If you can’t laugh at yourself…

Today’s Mom Tears™ are brought to you by “I am not a hairdresser” and “Hairdressers are far more skilled then they get credit for” With special appearance by “Why do I do these things?”

First off let me begin by saying thinking you are able to PROPERLY bleach your hair, within 30 minutes and look like the girl on the box I have news for you. YOU WON’T. She has had an entire team of PROFESSIONALS working on her luscious locks, a make up crew and let’s not forget the camera crew who has photo editing tools beyond that of us commoners. Knowing this important information does not stop any of us from reaching for the boxed dye. You know you have done it.  That greenish brown “Ash brown” I believe they call it.  At some point in time (us older gals dabbled with sun-in … again hair never taking on the sun kissed look, more of an escaped canary with a highlighter under wing look) we women are foolish in believing colouring our hair at home is wise. It may be when we were fifteen, then again blue eye shadow and shoulder pads were once wise as well.

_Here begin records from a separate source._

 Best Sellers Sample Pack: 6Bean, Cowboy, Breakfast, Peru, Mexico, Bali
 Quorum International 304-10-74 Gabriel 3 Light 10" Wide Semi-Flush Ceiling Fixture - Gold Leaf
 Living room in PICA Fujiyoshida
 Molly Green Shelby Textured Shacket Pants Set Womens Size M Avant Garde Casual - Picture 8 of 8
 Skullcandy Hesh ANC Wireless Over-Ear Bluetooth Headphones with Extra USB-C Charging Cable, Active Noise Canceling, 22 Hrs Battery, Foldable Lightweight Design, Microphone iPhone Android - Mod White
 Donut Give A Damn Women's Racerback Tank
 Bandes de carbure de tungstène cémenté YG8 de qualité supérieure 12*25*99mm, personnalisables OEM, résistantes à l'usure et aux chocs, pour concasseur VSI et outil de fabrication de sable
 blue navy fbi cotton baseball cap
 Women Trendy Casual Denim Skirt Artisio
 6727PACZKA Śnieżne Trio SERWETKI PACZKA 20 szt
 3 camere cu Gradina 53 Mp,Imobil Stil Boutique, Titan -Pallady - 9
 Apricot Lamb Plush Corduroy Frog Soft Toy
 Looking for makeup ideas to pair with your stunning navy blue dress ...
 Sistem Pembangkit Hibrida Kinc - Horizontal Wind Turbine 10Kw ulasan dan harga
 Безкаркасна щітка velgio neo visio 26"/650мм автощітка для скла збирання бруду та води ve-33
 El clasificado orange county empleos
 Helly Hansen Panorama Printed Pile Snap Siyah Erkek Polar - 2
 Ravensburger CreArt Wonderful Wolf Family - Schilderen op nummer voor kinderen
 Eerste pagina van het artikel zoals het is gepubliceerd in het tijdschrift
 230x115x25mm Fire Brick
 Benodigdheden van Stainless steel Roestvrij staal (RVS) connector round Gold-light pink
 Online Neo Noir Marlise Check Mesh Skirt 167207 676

I made a terrible mistake.

I thought I could tackle my hair on my own. I was wrong. I am grateful that the plan I was concocting to give my hair a quick trim was postponed due apprehension, well that and I could not hold scissors and the mirror at the correct angle. Oh, I am stubborn.

After applying the boxed bleach to my head. I covered it with a plastic shopping bag. Why? Well because hairdressers cover heads with plastic bags…something about heating up the bleach?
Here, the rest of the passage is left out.